To commemorate the 200th anniversary of their Lagavulin distillery, parent company Diageo
recently announced the release of a limited edition 8 year old bottling. In an age where most Scotch whisky distilleries are owned by global conglomerates who seem to be in near constant competition to release the next "most coveted ultra premium" offering, the Lagavulin 8 year old
is a welcome break from the trend. Affordable, widely available, and at a youthful age, this anniversary bottling stands apart from the cluttered commemorative landscape of "bespoke" crystal decanters, super aged and unobtainable expressions, or boutique NAS lines in fancy boxes. However, it's worth noting that Diageo is keenly working both ends of the spectrum on this special anniversary since they've also released a limited 8,000 bottle run of 25 year old Lagavulin
aged exclusively in Sherry casks.
For such an established and beloved whisky brand, an 8 year old commemorative bottling is a bold move. Bottled at a robust 48% ABV and solely aged in American oak, the anniversary bottling takes a risk and invites the consumer to try a more, dare I say, "essential" version of Lagavulin than what's been previously available in recent times through official distillery bottlings. Reflecting on the past, the inspiration for this expression comes from one of the distillery's earliest glowing reviews and endorsements courtesy of Victorian-era Britain's most famous whisky writer, Alfred Barnard
in his 1887 book, "The Whisky Distilleries of the United Kingdom
The story goes that in the late 1880s, Mr. Barnard visited Lagavulin and fell in love with the distillery. After sampling an 8 year old expression he described it as both "exceptionally fine" and "held in high repute... [as] there are only a few of the Scotch distilleries that turn out spirit for use as single whiskies and that made at Lagavulin can claim to be one of the most prominent." Truly high praise for the quality of the spirit; it's important to remember that during those days most, if not all, of a distillery's single malt output was used for blending. Single malt whisky, as we know it, was uncommon as a product for sale and its availability was typically limited to those who lived and worked in the vicinity of the distillery. For the vast majority of whisky drinkers, in both the domestic and the export market, bends of malt and grain whiskies were the only options.
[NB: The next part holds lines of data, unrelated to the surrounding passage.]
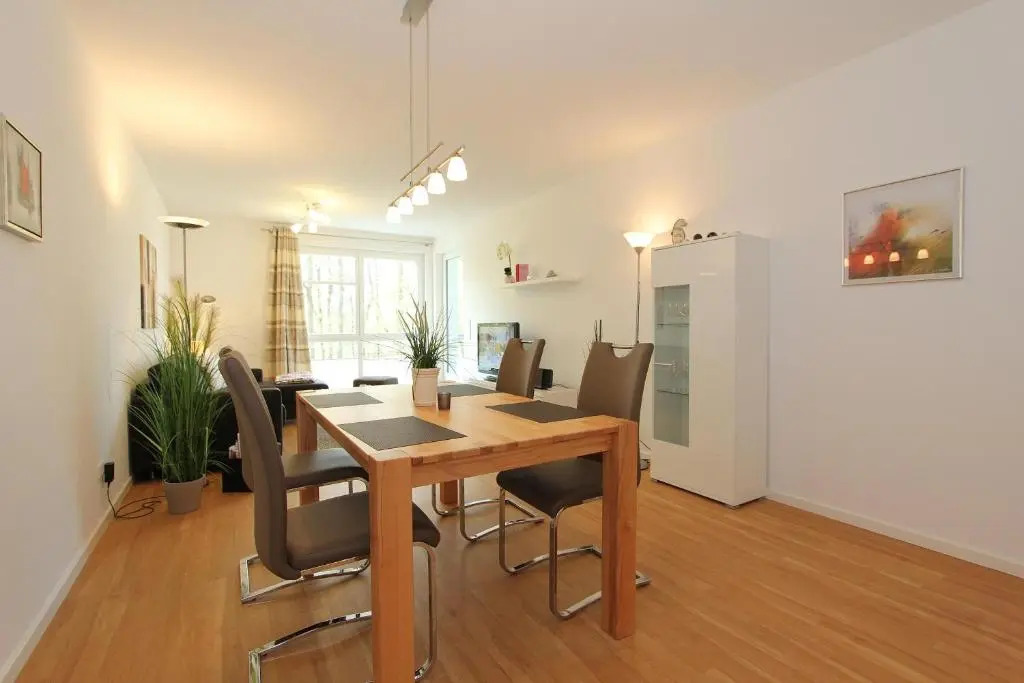 Strandglück Haus A Strandglück Appartement 13A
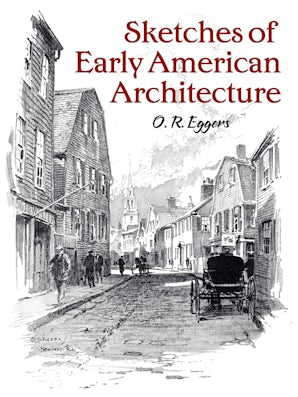Sketches of Early American Architecture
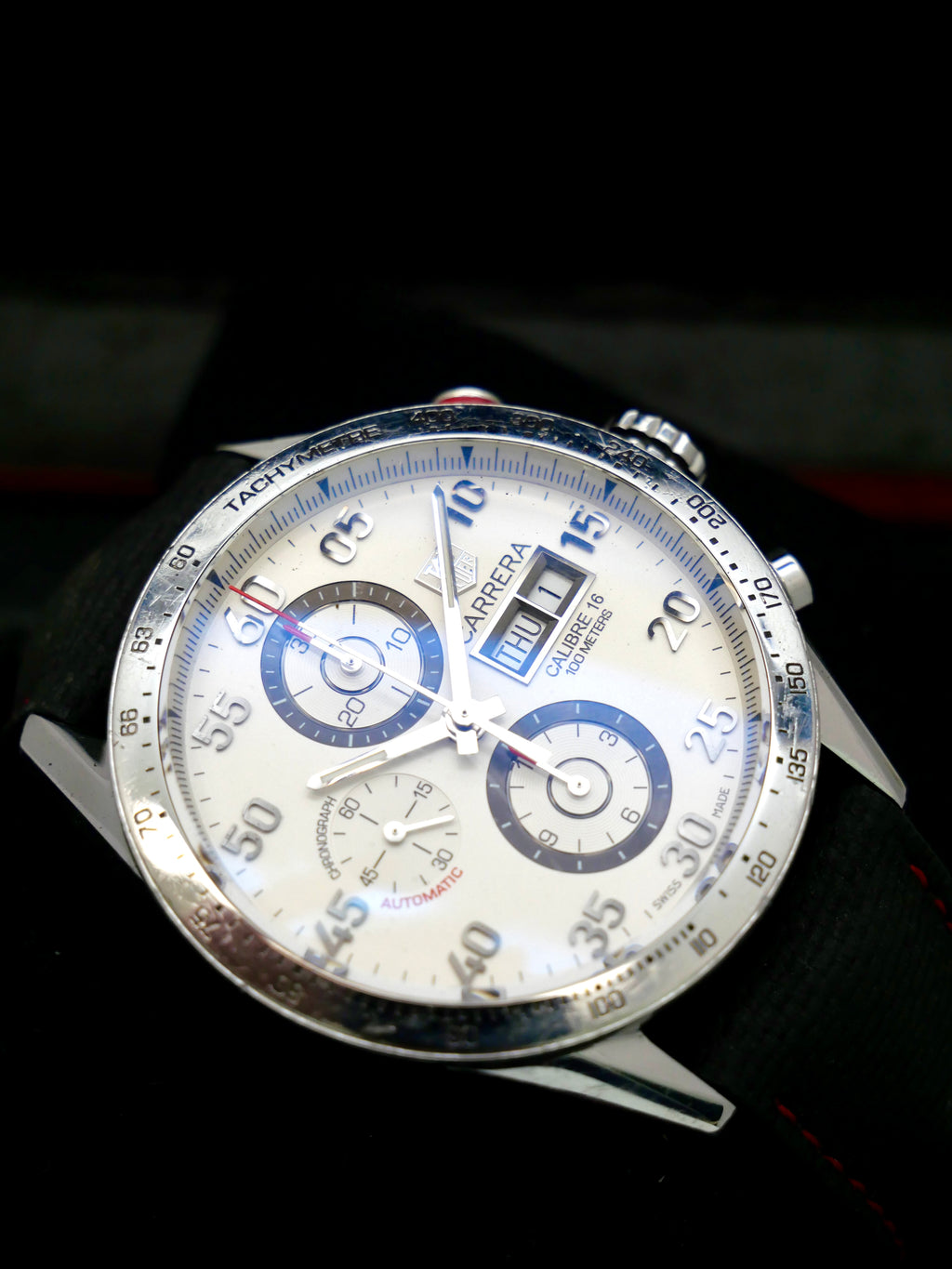 TAG Heuer Carrera
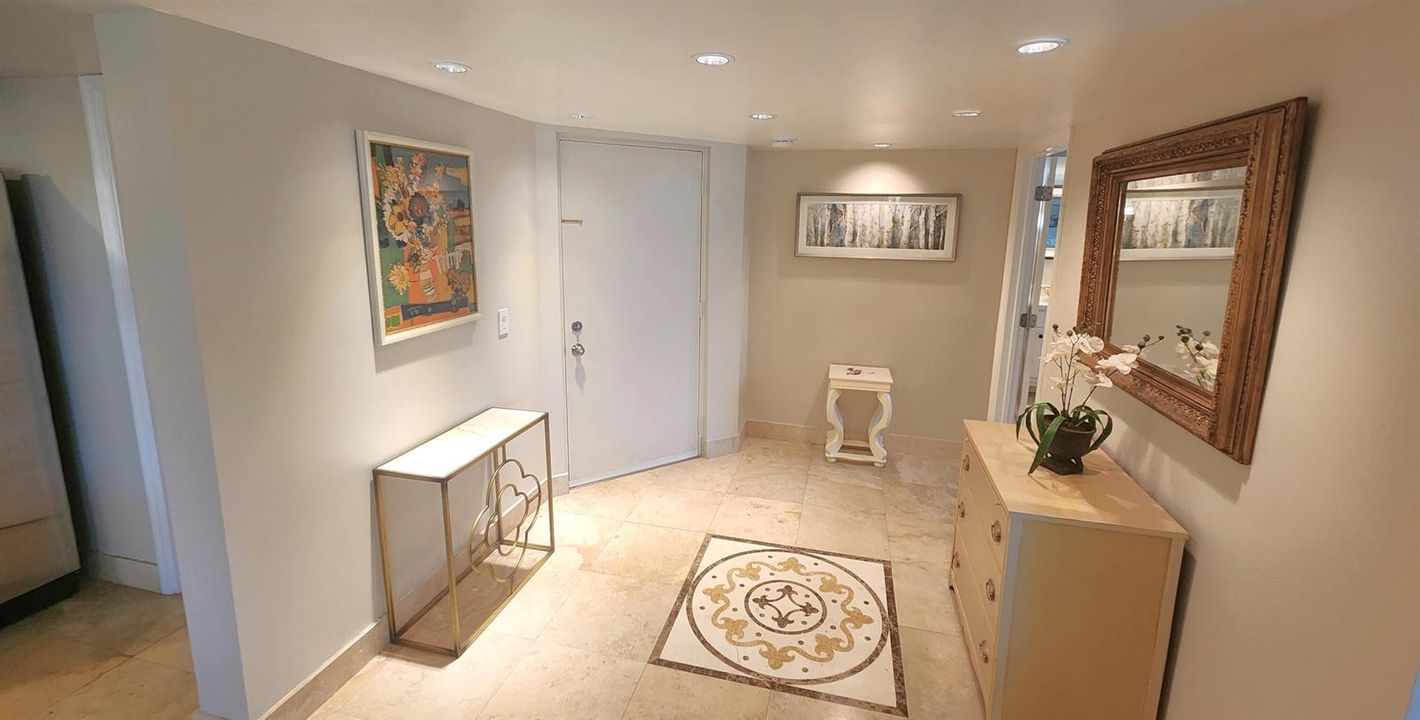 entry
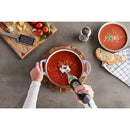 Braun Multiquick 7 Smart Speed Hand Blender, Whisk + Neater + 1.5 Cup + Μasher, in Stainless Steel (MQ7077X)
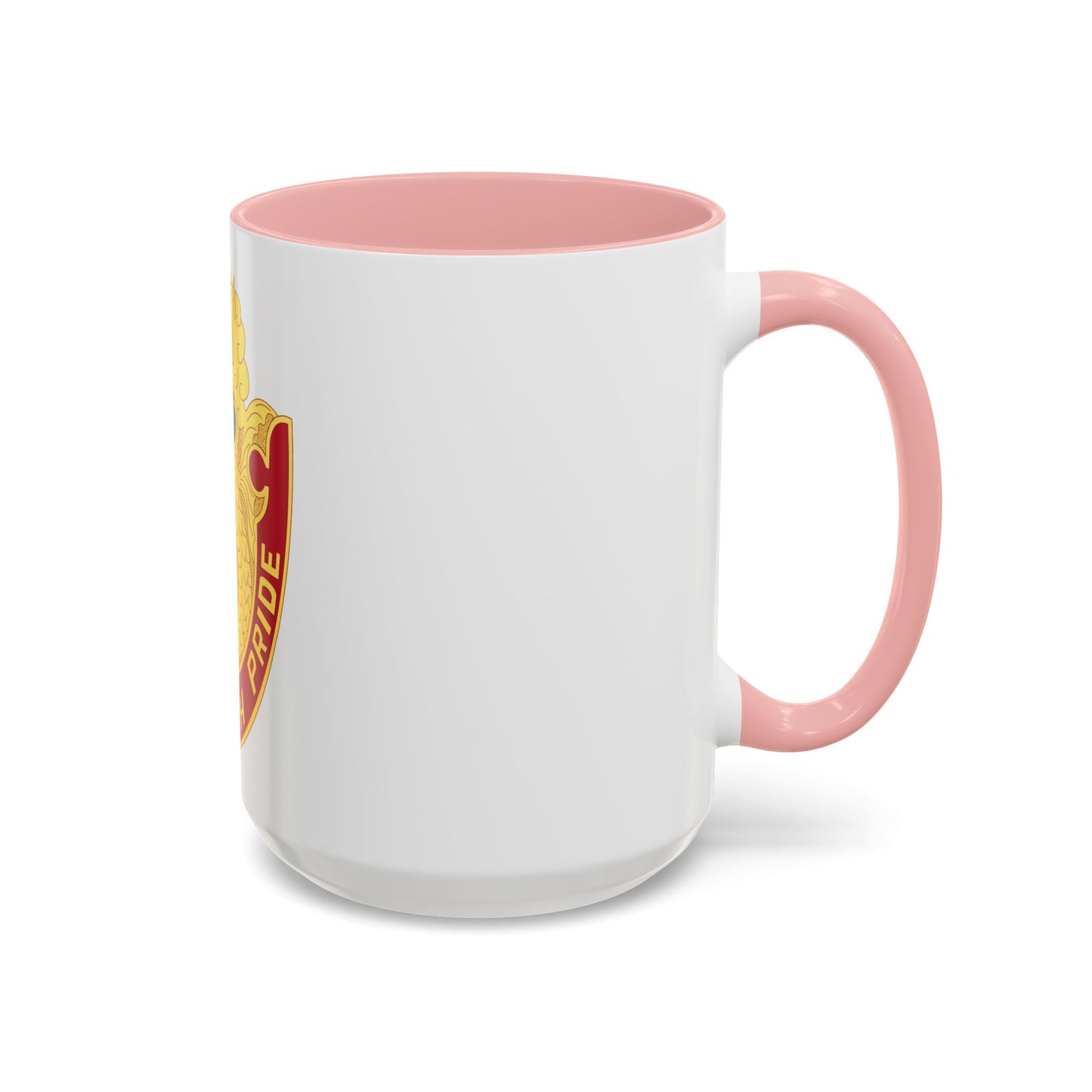 93 Engineer Battalion (U.S. Army) Accent Coffee Mug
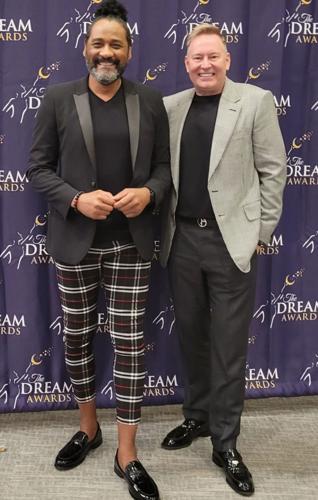 Darrious Hilman and John Robak. (Photo by Mila Samokhina)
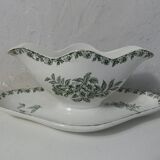 Butterfly saucière iron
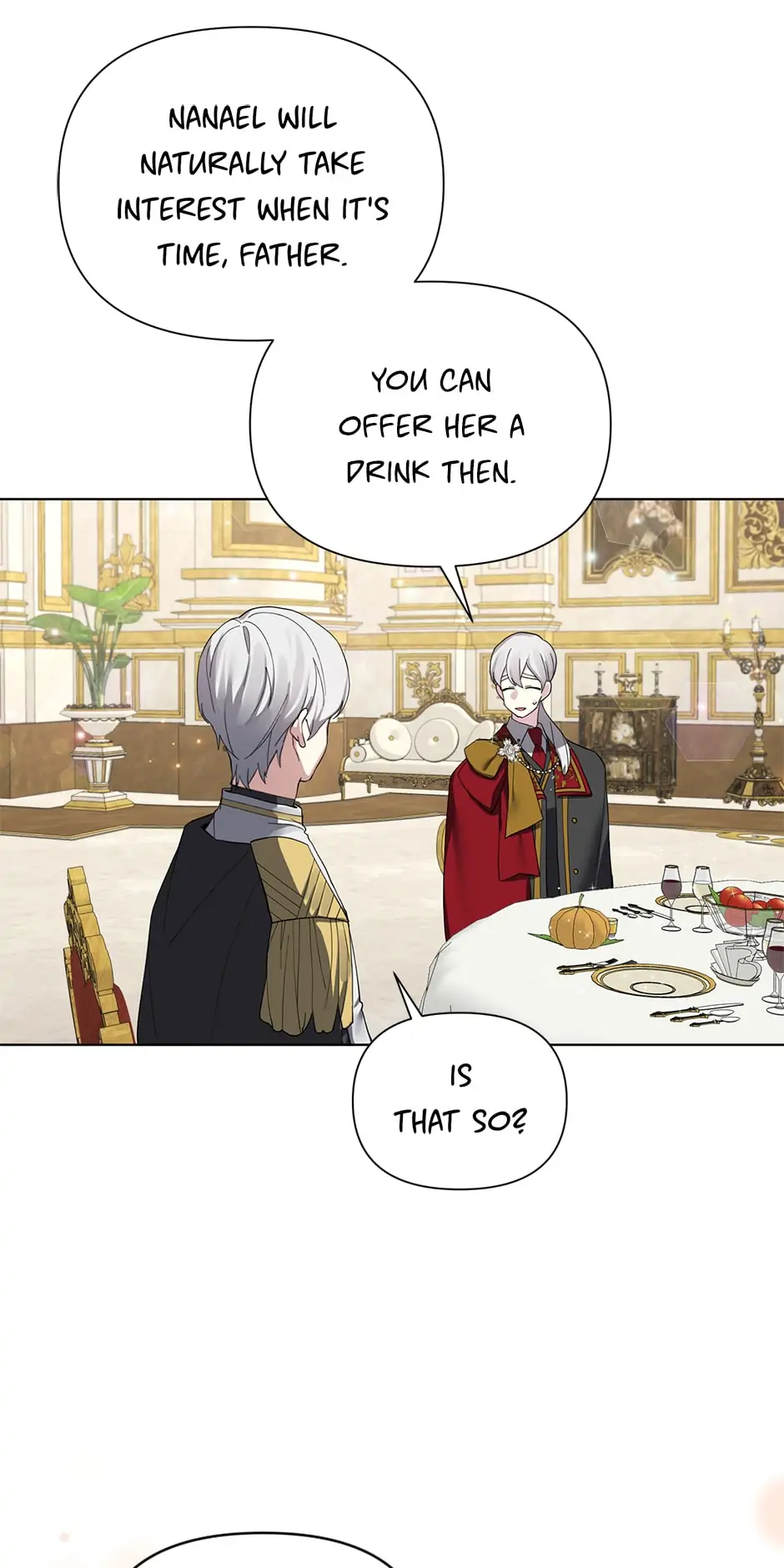 Starting from Today, I’m a Princess? Chapter 52 page 48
Enchanted by the spirit and the beauty of the Lagavulin bay, Barnard wrote, "[there's] no prettier or more romantic spot could have been chosen for a distillery." I have to say, we couldn't agree more completely
This bi-centennial bottling isn't an attempt at a re-creation of what Barnard tippled. Quite frankly it would be an impossible task without a time machine since nearly every aspect of production from equipment to process has changed over the decades. Rather, as Dr. Nick Morgan, head of whisky outreach at Diageo, explained
in an interview with Forbes magazine, "we wanted to produce a whisky that tasted great--and something that was at an affordable price for a special bottling. So when we fell upon Barnard's tale of tasting an eight-year-old Lagavulin, everything fell into place. The challenge was to find the casks that would deliver against the promise. And we believe to have done that. But to be clear, it's not a recreation of what Barnard tasted...it's really an homage."
To those who might question the merits or price point of a younger version of a favourite whisky, Morgan offers a compelling rationale for the anniversary bottling, "the obsession with age statements and older whiskies is really a product of the late twentieth century. And we should remember that the majority of Scotch that's consumed around the world today doesn't carry an age statement. The fact of the matter is--as Lagavulin 8 Year Old demonstrates very clearly--is that older isn't better. It's simply different [and] in my experience, if you select your casks carefully, you can find many wonderful whiskies aged six, eight, or ten years that have very specific tastes and flavors that are lost with excessive aging--because the wood character begins to dominate. Age has become a lazy way of defining quality and price. And that's demonstrably not how it should be."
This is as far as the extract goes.